- What the exercise asks: Retype, word for word, every line from the one holding "bontott CITROËN C4 Tolatóradar Fej" through the one holding "1687 Turkey Creek" in the entries below, both included, and only those lines.

- Data for this task:

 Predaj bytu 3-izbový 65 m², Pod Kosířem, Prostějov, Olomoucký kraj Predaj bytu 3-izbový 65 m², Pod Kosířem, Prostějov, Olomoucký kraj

==

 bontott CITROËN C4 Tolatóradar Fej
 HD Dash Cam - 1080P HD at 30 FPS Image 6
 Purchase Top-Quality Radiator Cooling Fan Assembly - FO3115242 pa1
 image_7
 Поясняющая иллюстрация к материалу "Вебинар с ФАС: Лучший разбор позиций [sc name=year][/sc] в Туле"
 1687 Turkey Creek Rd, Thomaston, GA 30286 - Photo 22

- Final answer:
 bontott CITROËN C4 Tolatóradar Fej
 HD Dash Cam - 1080P HD at 30 FPS Image 6
 Purchase Top-Quality Radiator Cooling Fan Assembly - FO3115242 pa1
 image_7
 Поясняющая иллюстрация к материалу "Вебинар с ФАС: Лучший разбор позиций [sc name=year][/sc] в Туле"
 1687 Turkey Creek Rd, Thomaston, GA 30286 - Photo 22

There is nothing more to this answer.